Para entonces Peggy ya había vivido veinte años en Europa. Después de que su padre muriera en el Titanic, Marguerite –su verdadero nombre– heredó más de treinta millones de dólares, con los que empezó a cumplir sus caprichos artísticos. Tal vez lo tenía en la sangre por haber nacido en una familia de magnates –era sobrina del gran coleccionista y filántropo Solomon Guggenheim– pero fue ella quien no quiso conformarse con lo que el destino le tenía preparado. Decidió que no quería la vida burguesa y predecible que le esperaba en su ciudad y círculo social, por lo que cambió Nueva York por París, en donde se quedó más de veinte años. Podemos huir de un lugar, pero no de lo que somos. Peggy llegó a Francia para sumergirse en la revolución artística de sus barrios y así conoció a personajes como Wassily Kandinsky y Marcel Duchamp.

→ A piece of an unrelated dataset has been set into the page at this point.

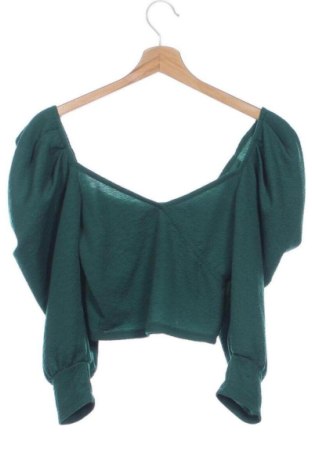 Damen Shirt Pull&Bear, Größe XS, Farbe Grün, Preis 5,72 €, #137936449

Para su primera galería Guggenheim-Jeune escogió Londres, la ciudad en la que en 1938 inauguró con un disruptivo show de desnudos de Jean Cocteau, y aunque solo estuvo abierta poco más de un año, fue el inicio de lo que lograría más adelante. En esos años se ganó su apodo de adicta al arte. Se propuso comprar un cuadro al día y formó una colección confiando en los artistas de las vanguardias en un momento en el que nadie lo hacía, hasta que la guerra la obligó a regresar a Estados Unidos. Es conocida la anécdota de haberle pedido al museo de Louvre que guardara sus obras y haber recibido como respuesta que no eran “lo suficientemente valiosas”. Pero Peggy se las arregló para trasladar en barco de un continente a otro piezas que si ella no hubiera rescatado, tal vez no hubieran sobrevivido.